All right I think I'm lost now. I was only trying to show how all Naval DEU personnel are entitled to NCDs as it is the work dress of that environment, but not always the DOTD. I have no Idea what you think I should have been trying to change to address up through my CoC. What exactly should I be trying to change or address ? I believe the scales on the WQT all show the basic issue for naval personnel male and a separate one for female, and on those scales is the basic issue of NCDs. 

I'm glad you like Pet its good to see people be where they want to. When the career shop has the chance to make someone happy the should. I'm only in Pet on TD until we leave for Afghanistan. Enjoy it, I know its been eye opening for me.

What is your definition of a purple trade ? Mine is one who is employed in all environments regardless of uniforms. Com Rsch is one, in my books as they sail, go to the field and do air stuff too as a part of their primary duties. Also the fact that I have seen and worked with Navy and Army Comm Rsch people further supports my belief that they are purple as well but by arguing this I feel its petty I don't think this has much to do with the point. 

I am quite sure all Naval personnel are entitled to have NCDs and now with that message will be allowed to wear them in all environments which is good. If you are working on a base establishment like and MSA or Clothing Stores you wear the directed DOTD. That does not mean that those Naval personnel were not entitled to have on charge to there docs a complete set of NCDs. 

Don't get all bent out of shape over this with all the *"Oh, and when you teach me how to use the scales, make sure you teach me how to read the *notes that accompany them ...  :  But really, there's no need for you to look anything up actually"*kind of talk. I simply believe, to the best of my knowledge, that all Naval DEU personnel, whether hard sea or support, are entitled to a basic issue of NCDs issued during BRT that will be theirs to up keep and maintain for as long as the Naval DEU is that which they wear. If I'm wrong, I'm wrong I can deal with that but until proven I am I will go on believing I am not. 

When back in Pet, with access to a DIN computer, I will check this out and post my findings if you get to it first by all means have the pleasure. Until then relax have a beer and enjoy Petawawa. Merry Christmas right ?


----------



## McG

Halifax Tar said:
			
		

> One last thing about Scales and our "rules" governing supply, don't let them get in the way of providing the best support possible. Your cap badge reads "Service Second to None", try to uphold that for all elements eh.


I'm not sure what you mean by suggesting not to let the rules governing supply get in the way of providing the best service?

Those scales are produced by the ECSs (in the case of MARCOM, I assume it would be N4 something or other) in consultation with the supply manager (in the case of NCDs that would be in DSSPM).   The ECS assesses needs, wants & benefits; the SM is consulted on item availabilities and costs; the ECS then make a decision on entitlement.

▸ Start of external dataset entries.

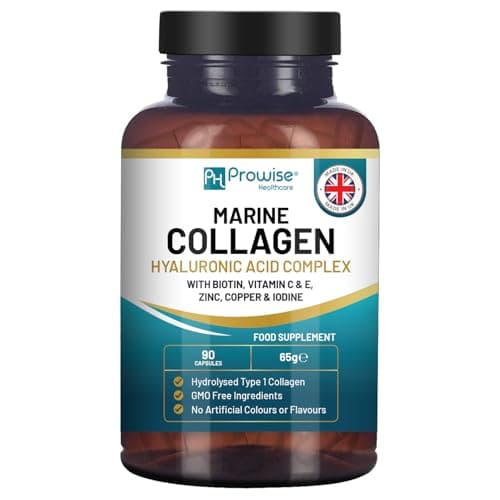 Image of Marine Collagen with Hyaluronic Acid 1100mg | 90 Collagen Capsules High Strength for Women & Men | Vitamins C, E, B2, Biotin, Copper, Zinc & Iodine | Collagen Supplements Made in The UK by Prowise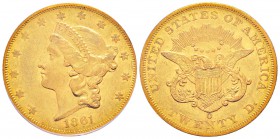 USA, 20 Dollars, New Orleans, 1861 O, AU 33.43 g.               
Ref : Fr.171, KM#74.1            
Conservation : PCGS AU53. Très Rare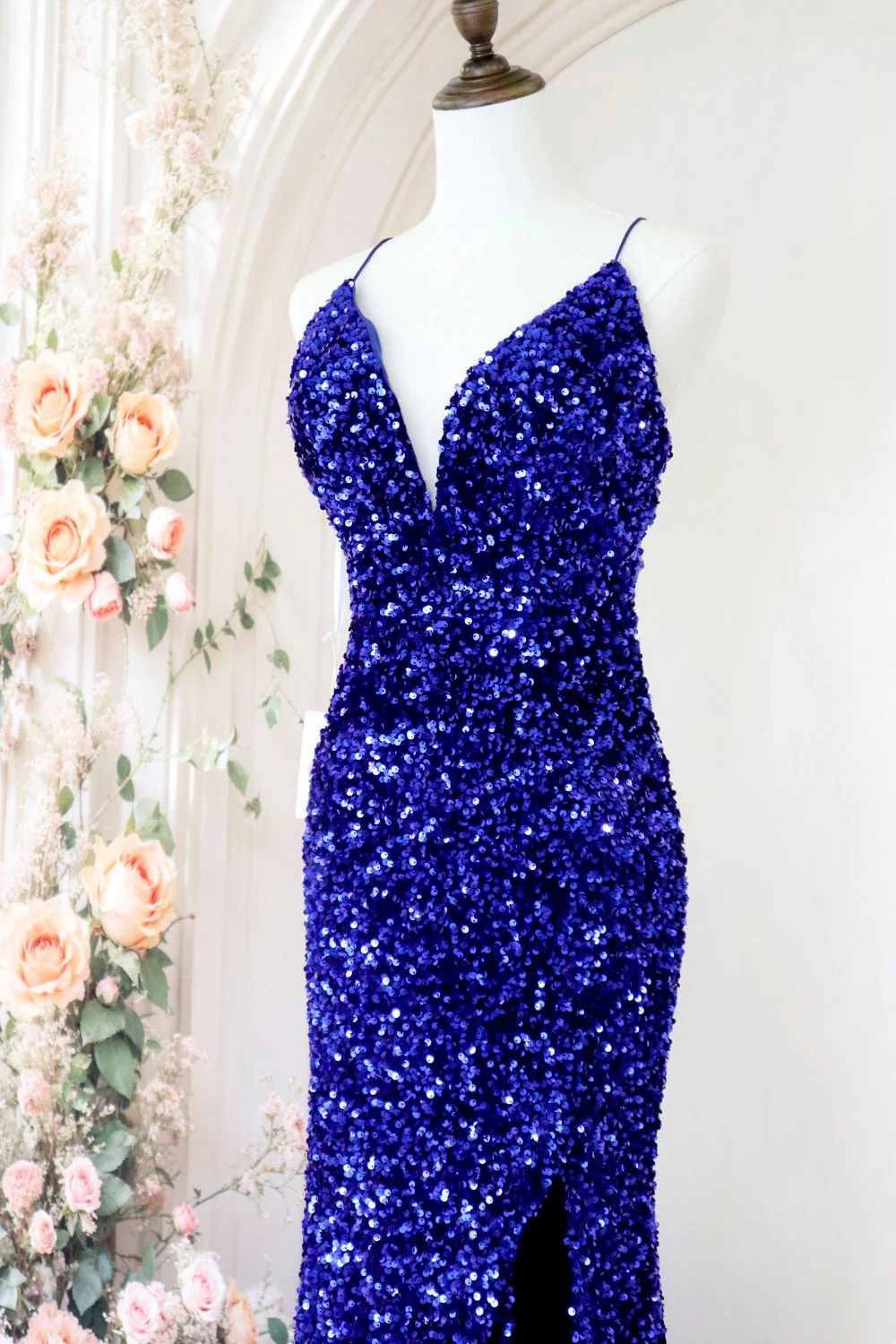 Royal Blue Mermaid Spaghetti Straps Long Sequin Prom Dress with Slit - Image 5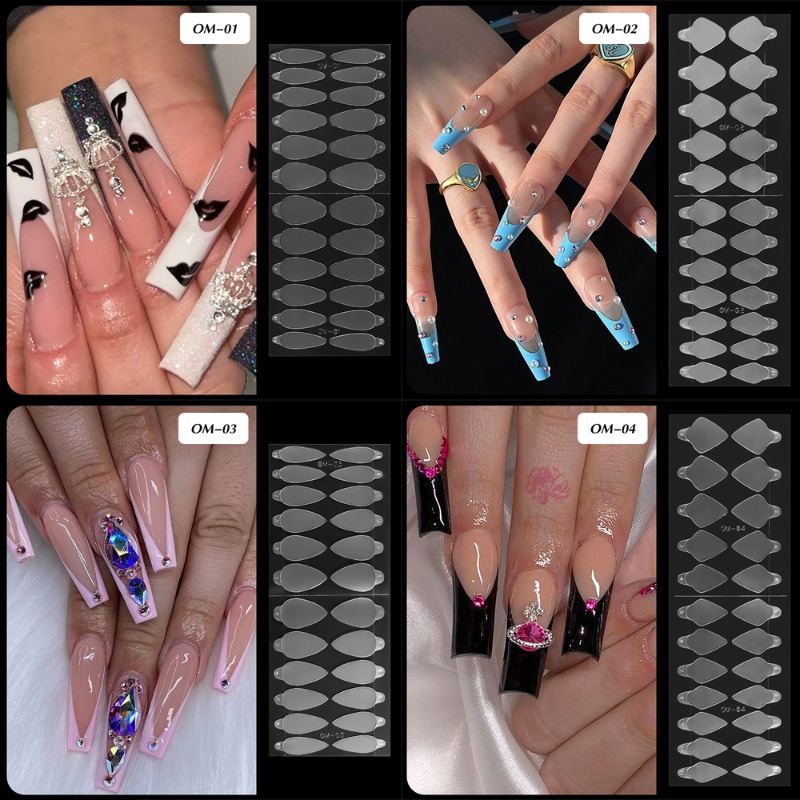 Set 12 / 24 Khuôn Đôi / Khay Không Giấy / Khuôn Hỗ Trợ Nối Dài Móng Nhanh Chóng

If you are handing out items to individuals that are deemed not-entitled, then you are disobeying an order.  I could find understanding for operational reasons, but not just so that little Johnny won't be the only un-cool guy without item X on his course.  If you issue out items to individuals that are deemed not-entitled, then you are consuming/wasting resources that you are not authorized to consume (because lets face it, the SM is going to have to spend money to replace that on the shelf).  Sure, maybe it is small dollar value in the big scheme of things, but aggregate that cost across on the supply techs "just trying to be a nice guy" across the country for the year ... the dollar values add up.  It is a lot of waste when one considers that those responsible for the resource (Navy HQ & DSSPM) have determined it was not required; and it would be especially worse in a time when we are hacking training & cutting reserve employment to save every dollar we can.

I'm sure that is not what you were suggesting though.


----------



## Halifax Tar

MCG said:
			
		

> I'm not sure what you mean by suggesting not to let the rules governing supply get in the way of providing the best service?

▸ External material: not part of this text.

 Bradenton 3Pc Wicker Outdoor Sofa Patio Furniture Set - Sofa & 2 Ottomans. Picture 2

*I mean that when someone is in real need of something and you know that need is justified then issue the required item(s).* I have never once in 10 years in the CF as a Sup Tech seen anyone get in any trouble minor or major for ensuring that they provided the highest level of support. 

PS A shiny piece of kit to look cool on course X is not a real need its a want something very different.


----------



## armyvern

Halifax Tar said:
			
		

> *I mean that when someone is in real need of something and you know that need is justified then issue the required item(s).* I have never once in 10 years in the CF as a Sup Tech seen anyone get in any trouble minor or major for ensuring that they provided the highest level of support.
> 
> PS A shiny piece of kit to look cool on course X is not a real need its a want something very different.

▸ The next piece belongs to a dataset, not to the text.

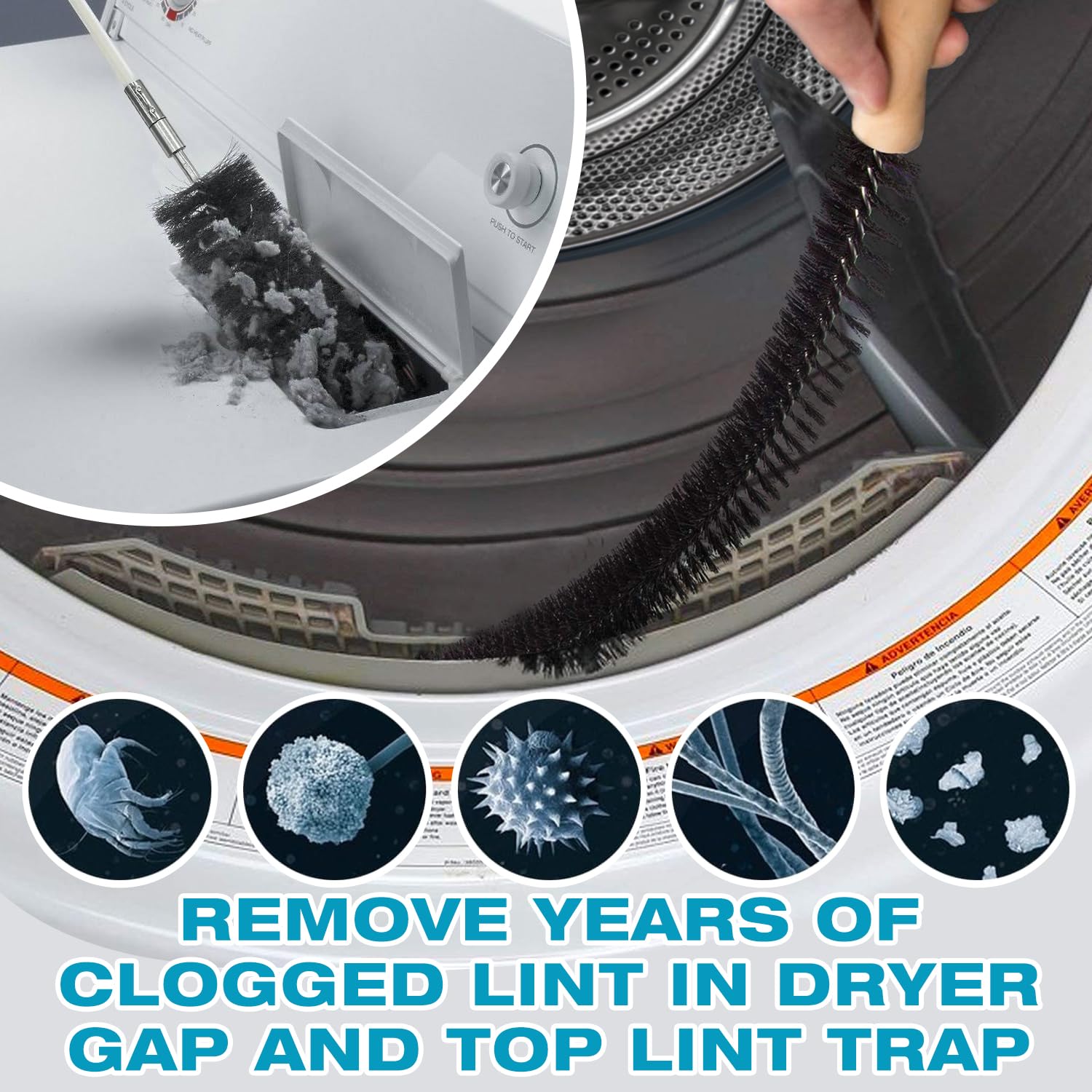 Sealegend 58-Piece Dryer Vent Cleaning Kit Omnidirectional Cleaner Include 35 Feet Dryer Vent Brush Blue Dryer Vacuum Attachment Lint Brush Vacuum&Dryer Adapter
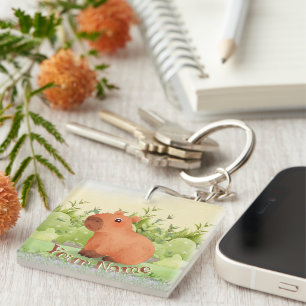 Porte-clés Joli Capybara Nom Personnalisé Carré Acrylique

No see, the correct way to handle your situation above would be to adress the _real_ problem; amend the scale. You see, if 'common sense' dictates that individual "X" should have a piece of kit, but is not entitled to it ... odds are that there are more than individual "X" out there in the exact same circumstances. 

You, as a Cpl/LS have ZERO authority to issue that non-entitled item regardless of the situation, but what you do have is authority to handle the situation appropriately & to advise your CSG supervisor. You provide them with the details of such so that the CSG supr can then advise the SM (in writing) of ALL the pertinent facts and particulars & obtain written authorization back from the SM to "issue outside of entitlement" - a hard copy of which (the email auth from NDHQ) is placed into the member "x"s clothing docs for auditing purposes. That written auth also covers your butt when the auditors go through and begin firing questions at you as to why you are issuing nonauthorized items (I HAVE seen those auditors' invests happen too, more than once). This authority can be obtained in a matter of minutes. I've done it, and it was common for my staff to provide this customers reporting to our front counter looking for nonentitled items that "made sense". One quick call to the SM to explain the sit, and an email authorizing the issue 2 minutes later.

I then took the email and forwarded to the scale OPI along with all the relevant facts & details. The scale OPI then consults with applicable trade and/or environmental contacts to effect a change to the scale of entitlement so that there are no more "member Xs" out there in the exact same sit who experience the exact same problem each and every time they visit clothing. You FIX the problem, you don't simply ignore it's existance while accomodating "member X" by (illegally) issuing outside of entitlement & allowing all the others' to go through the same heartache at clothing stores' accross the country because the scale still does not reflect "common sense". 

In the case of the engineers not being entitled to safety footwear, the problem (along with "common sense" substantiation) was written up by me, by the RSM of CFSME, and by the Base Gen Safety O and all three of our reports were filed simultaneously with the scale OPI - who then did his appropriate consultations & the scale of entitlement was then amended within the week to show their entitlement to safety footwear. Thing is, when it was changed, there was still no entitlement for Engineering Officers to the safety footwear - so that issue itself was then re-addressed by us and their entitlement followed the next week.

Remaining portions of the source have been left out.